Review: Things Better Left Unsaid

I’ve read all your submissions for the “Better Left Unsaid” exercise, collected the best revisions, and added my own recommendations. They’ll be available permanently in the Models menu.

Riddle: The Soccer Penalty Kick

penalty kick

What’s the smartest kick?
To the shooter’s strong side, which the goalie is more likely to guard?
Or to the shooter’s weak side, which the goalie is more likely to block if he guesses right?

The authors of Think Like a Freak give us some details to help us decide.

  • The goal is 12 yards away.
  • It’s 8 yards wide and 8 feet tall.
  • You will kick the ball at 80 miles per hour.
  • The kick will arrive at the net in 0.306818 seconds
  • The goalie can’t wait for you to kick.

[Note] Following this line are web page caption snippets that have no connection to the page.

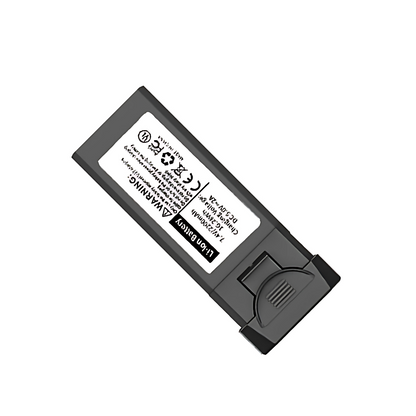 Батерия Summit
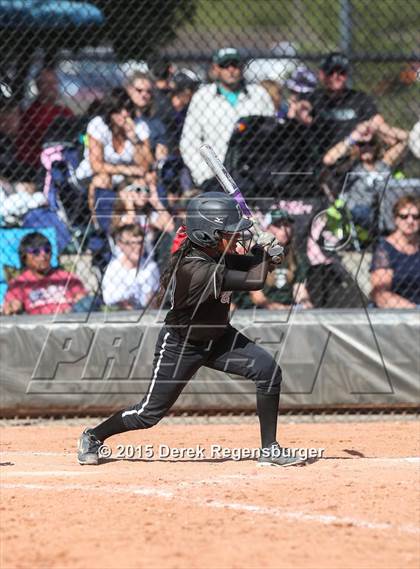 Thumbnail 1 in Fossil Ridge vs Pomona (CHSAA 5A Championships Semifinal Playoff) photogallery.
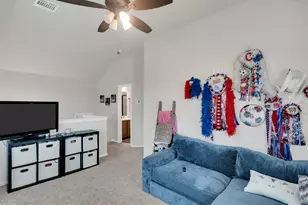 5038 Ridgehurst Ln, Midlothian, TX 76065 - Photo 20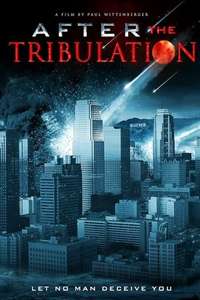 After the Tribulation - Poster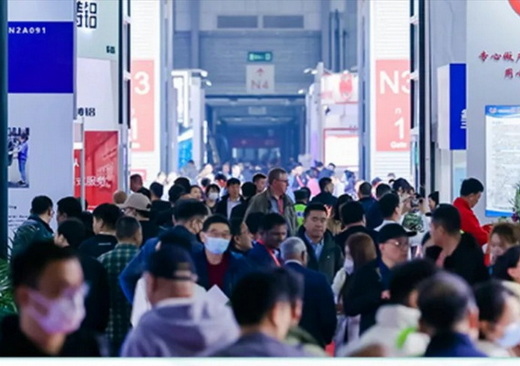 登记参观2025年12月2日上海国际铸造展览会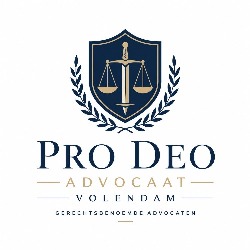 Pro Deo Advocaat Volendam, openingstijden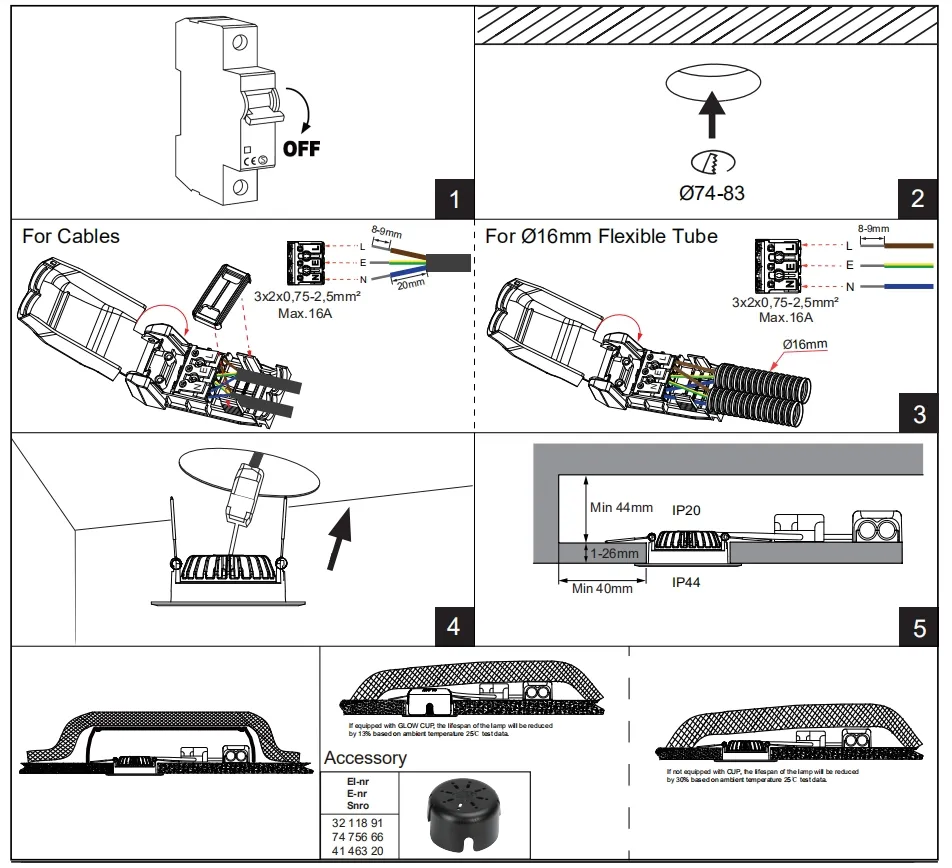 Specification Diagram 2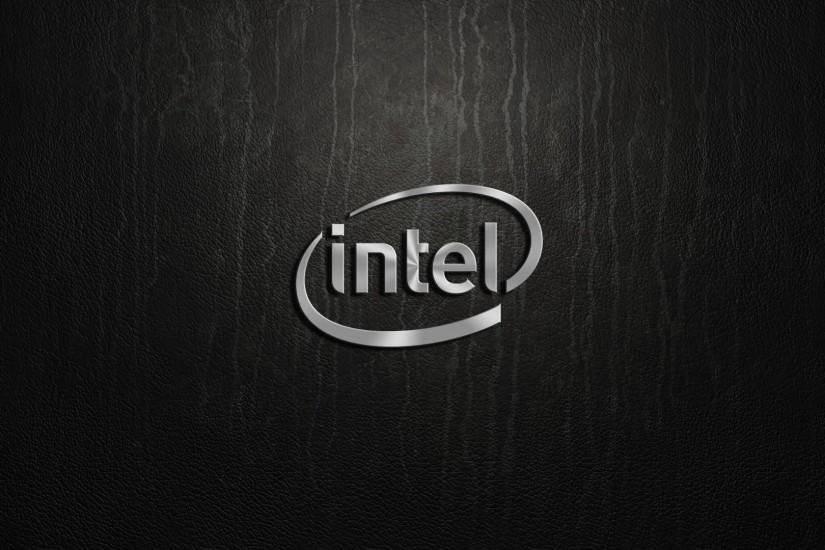 HD Wallpapers 1080p Widescreen Black Images. Intel design grunge logo  symbol processor core hd.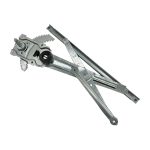 MAQUINA LEVANTA CRISTAL DELANTERA IZQ HILUX 2005-2015 D/C MANUAL Taiwan - Imagen 2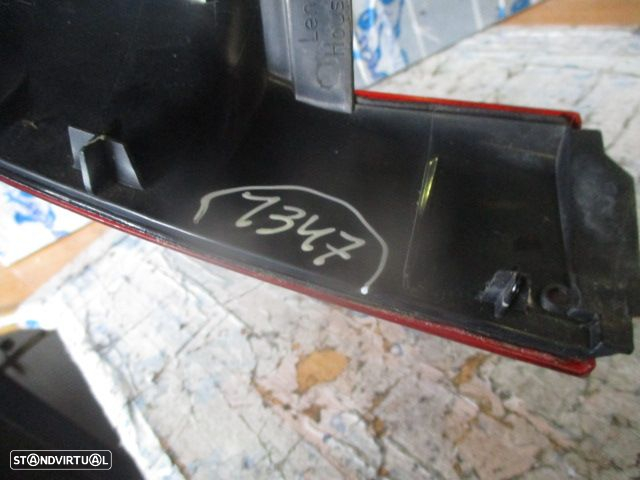 Grelha Friso A6398201364 MERCEDES VITO 2 2008 TD - 3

He has to guess and fling his body toward his choice before you make contact with the ball.
  • Overall, at the elite level, 75% of penalty kicks are successful.
  • If he chooses wrong, your odds of success are about 90%.
  • You want him to choose wrong.
  • Whether you’re left- or right-footed, 57% of goalies will guard your strong side. 41% of the time, they’ll guard your weak side.

Answer in the Reply field below and Post Comment:

  1. What’s the best way to improve your odds of kicking the ball where the goalie isn’t?
  2. Why do so few kickers make the most logical choice?

Lecture/Discussion Facial Recognition


 

61 Responses to CLASS 14: THU OCT 17

  1. morra2024 says:

    Class Notes 10/17
    0. Class started with an incredibly interesting riddle that required more attentiveness than math: as a result of calculations, the goalie guards the middle of the goal only 2% of the time. Most players do not make that shot because in an unsuccessful case, the kicker would be regarded as a complete and incompetent failure.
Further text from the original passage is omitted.